And while it’s definitely a multifaceted challenge, this particular conversation made me think of the Ringelmann Effect.


Heard of it?


Max Ringelmann was a French agricultural engineer who, in 1913, took a rope and asked individual people to pull on it while he measured the force exerted.


He then asked a group of people to pull the rope together and discovered that as a group, they put much less effort, per person, than when individually pulling on the rope.


Hence the Ringelmann Effect (aka “social loafing”)…


Ever clapped more softly in a crowd? Contributed less to a brainstorming session when there were bigger groups involved? Stayed silent on a call after the presenter asked if there were any questions?


Essentially, the bigger the group, the harder it is to evaluate individual performance and hold people accountable for results.


And the less ownership of a project, the less motivation there is to get it done.


Add to that comfortable corporate salaries, bonuses and vesting of stocks over time (e.g., ‘rest-and-vest’) and there’s a real potential for the Ringelmann Effect to impact an entire company’s productivity and appetite for newer, riskier initiatives.

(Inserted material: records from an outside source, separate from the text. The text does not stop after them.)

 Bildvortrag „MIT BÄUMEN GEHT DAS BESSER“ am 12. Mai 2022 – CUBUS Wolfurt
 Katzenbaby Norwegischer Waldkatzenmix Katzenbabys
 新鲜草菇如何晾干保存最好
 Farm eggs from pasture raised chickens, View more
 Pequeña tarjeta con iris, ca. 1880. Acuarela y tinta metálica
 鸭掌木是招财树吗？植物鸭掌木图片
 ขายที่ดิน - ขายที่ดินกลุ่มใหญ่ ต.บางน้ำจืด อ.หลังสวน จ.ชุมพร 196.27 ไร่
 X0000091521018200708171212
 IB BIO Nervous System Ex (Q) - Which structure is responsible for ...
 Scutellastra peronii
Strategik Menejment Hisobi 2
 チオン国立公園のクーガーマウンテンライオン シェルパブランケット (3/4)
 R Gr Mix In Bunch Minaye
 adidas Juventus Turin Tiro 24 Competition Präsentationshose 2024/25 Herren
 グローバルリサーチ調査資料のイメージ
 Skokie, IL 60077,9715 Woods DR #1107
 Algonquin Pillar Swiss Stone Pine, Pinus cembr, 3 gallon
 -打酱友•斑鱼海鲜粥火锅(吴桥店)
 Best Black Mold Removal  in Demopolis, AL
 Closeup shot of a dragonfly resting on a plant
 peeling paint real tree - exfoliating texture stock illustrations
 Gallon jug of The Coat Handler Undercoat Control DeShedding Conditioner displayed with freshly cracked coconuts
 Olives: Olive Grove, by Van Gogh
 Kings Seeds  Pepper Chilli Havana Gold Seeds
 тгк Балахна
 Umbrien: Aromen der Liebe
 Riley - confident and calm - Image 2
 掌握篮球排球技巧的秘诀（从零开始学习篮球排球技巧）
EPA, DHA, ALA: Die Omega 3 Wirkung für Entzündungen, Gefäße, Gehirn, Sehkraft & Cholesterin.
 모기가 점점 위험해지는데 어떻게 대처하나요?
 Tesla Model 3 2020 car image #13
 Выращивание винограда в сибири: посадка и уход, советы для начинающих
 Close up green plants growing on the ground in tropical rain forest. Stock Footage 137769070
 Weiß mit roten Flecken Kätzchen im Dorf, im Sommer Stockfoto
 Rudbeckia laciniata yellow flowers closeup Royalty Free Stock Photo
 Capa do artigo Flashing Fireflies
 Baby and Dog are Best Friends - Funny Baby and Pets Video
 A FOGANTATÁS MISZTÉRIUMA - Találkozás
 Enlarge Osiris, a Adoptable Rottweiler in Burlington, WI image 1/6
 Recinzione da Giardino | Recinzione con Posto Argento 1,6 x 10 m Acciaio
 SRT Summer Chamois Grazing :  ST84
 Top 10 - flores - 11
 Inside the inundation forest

Now obviously corporate work is not exactly rope-pulling (although some days it might feel like it) and there are other dynamics at play when projects don’t work out, but a few pointers I’ve seen work to somewhat dampen our friend Ringelmann:


🙌 Ensure everyone on the team believes in the real business, financial and career impact of successfully completing the project


🤚 Just say NO to larger, matrix-type steering committees and project teams, at least initially


🔄 Work in an agile, sprint-like fashion (versus using multi-month project plans) to test a hypothesis – this way the team gets a sense of ownership for the various iterations and accomplishes demonstrable wins when it’s time to share more broadly


🔦 Hold people accountable and build transparency to make each person’s contribution known along the way (aka social facilitation)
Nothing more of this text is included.